Il convient de signaler qu’en attendant que les patrons des médias prennent en compte la dimension formation de leurs employés, Elhadj Ibrahima Barry a publié un livre intitulé « Le professionnalisme en audiovisuel » chez Publobook en France.
Ce livre paru le 30 juillet 2020 « rappelle que les méthodes de travail de la presse restent d’actualité et peuvent aussi progresser, se perfectionner pour rendre son droit de cité à la vérité.»

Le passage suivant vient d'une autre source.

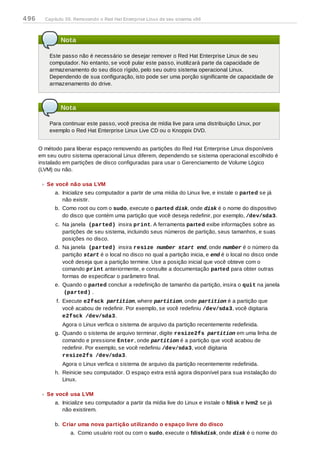 Nota
Este passo não é necessário se desejar remover o Red Hat Enterprise Linux de seu
computador. No entanto, se você pular este passo, inutilizará parte da capacidade de
armazenamento do seu disco rígido, pelo seu outro sistema operacional Linux.
Dependendo de sua configuração, isto pode ser uma porção significante de capacidade de
armazenamento do drive.
Nota
Para continuar este passo, você precisa de mídia live para uma distribuição Linux, por
exemplo o Red Hat Enterprise Linux Live CD ou o Knoppix DVD.
O método para liberar espaço removendo as partições do Red Hat Enterprise Linux disponíveis
em seu outro sistema operacional Linux diferem, dependendo se sistema operacional escolhido é
instalado em partições de disco configuradas para usar o Gerenciamento de Volume Lógico
(LVM) ou não.
Se você não usa LVM
a. Inicialize seu computador a partir de uma mídia do Linux live, e instale o parted se já
não existir.
b. Como root ou com o sudo, execute o parted disk, onde disk é o nome do dispositivo
do disco que contém uma partição que você deseja redefinir, por exemplo, /dev/sda3.
c. Na janela (parted) insira print. A ferramenta parted exibe informações sobre as
partições de seu sistema, incluindo seus números de partição, seus tamanhos, e suas
posições no disco.
d. Na janela (parted) insira resize number start end, onde number é o número da
partição start é o local no disco no qual a partição inicia, e end é o local no disco onde
você deseja que a partição termine. Use a posição inicial que você obteve com o
comando print anteriormente, e consulte a documentação parted para obter outras
formas de especificar o parâmetro final.
e. Quando o parted concluir a redefinição de tamanho da partição, insira o quit na janela
(parted) .
f. Execute e2fsck partition, where partition, onde partition é a partição que
você acabou de redefinir. Por exemplo, se você redefiniu /dev/sda3, você digitaria
e2fsck /dev/sda3.
Agora o Linux verfica o sistema de arquivo da partição recentemente redefinida.
g. Quando o sistema de arquivo terminar, digite resize2fs partition em uma linha de
comando e pressione Enter, onde partition é a partição que você acabou de
redefinir. Por exemplo, se você redefiniu /dev/sda3, você digitaria
resize2fs /dev/sda3.
Agora o Linux verfica o sistema de arquivo da partição recentemente redefinida.
h. Reinicie seu computador. O espaço extra está agora disponível para sua instalação do
Linux.
Se você usa LVM
a. Inicialize seu computador a partir da mídia live do Linux e instale o fdisk e lvm2 se já
não existirem.
b. Criar uma nova partição utilizando o espaço livre do disco
a. Como usuário root ou com o sudo, execute o fdiskdisk, onde disk é o nome do
496 Capítulo 39. Removendo o Red Hat Enterprise Linux de seu sistema x86
 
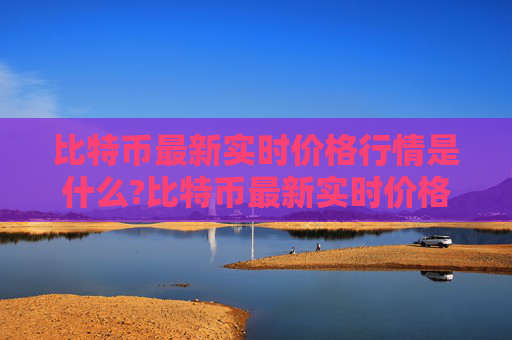 比特币最新实时价格行情是什么?比特币最新实时价格行情具体说明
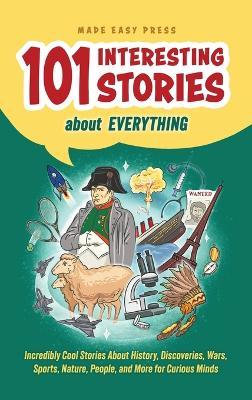 101 Interesting Stories About Everything: Incredibly Cool Stories About History, Discoveries, Wars, Sports, Nature, People, and More for Curious Minds - Made Easy Press - cover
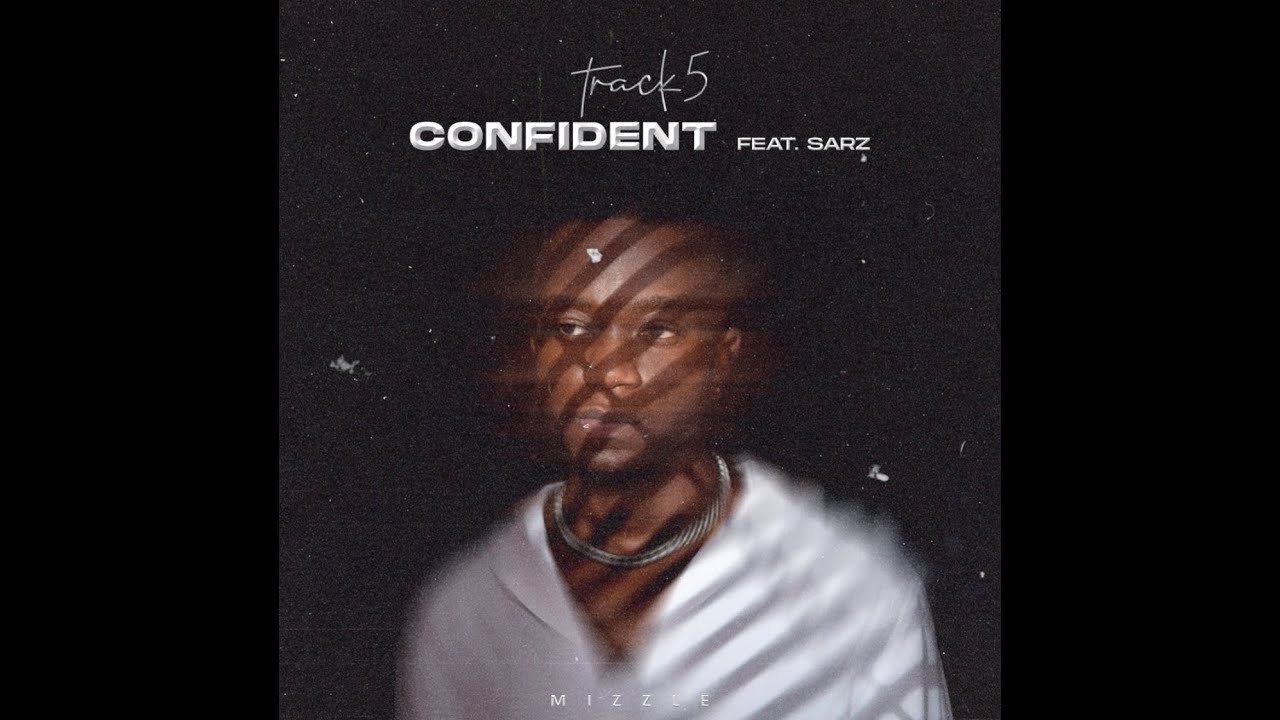 Mizzle - Confident Ft Sarz (Audio)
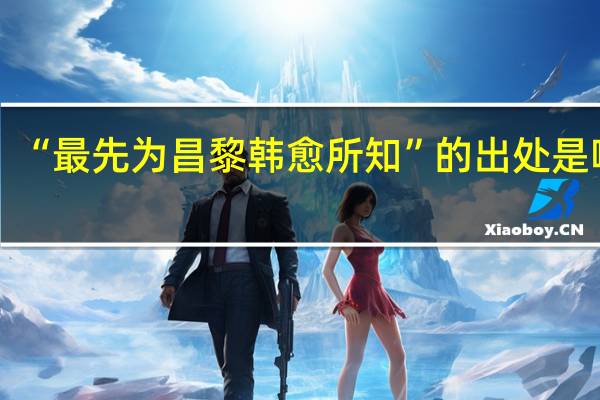 “最先为昌黎韩愈所知”的出处是哪里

Dans Le professionnalisme en audiovisuel, le doyen Elhadj Ibrahima Barry met en garde le public face aux dérives d’une société où l’information est abondante et parfois mal contrôlée, à l’instar des acteurs de réseaux sociaux qui s’improvisent journalistes, à l’origine malheureuse de simples rumeurs ou de fakes news. Un véritable plaidoyer pour la vérité médiatique et les valeurs sociales qui permet aux professionnels avérés de se perfectionner et de parfaire leur efficacité grâce à des pistes couvrant un spectre d’expériences actuelles quant aux méthodes justes, appropriées et rigoureuses dans le domaine de la communication journalistique et de l’information interactive. Une étude qui a son importance par son retentissement éthique et déontologique autant que par sa justesse d’écriture !
A noter que c’est le deuxième livre publié par le doyen Elhadj Ibrahima Barry après « L’histoire de la presse guinéenne : des origines à nos jours », parue en 2018 aux éditions Publibook.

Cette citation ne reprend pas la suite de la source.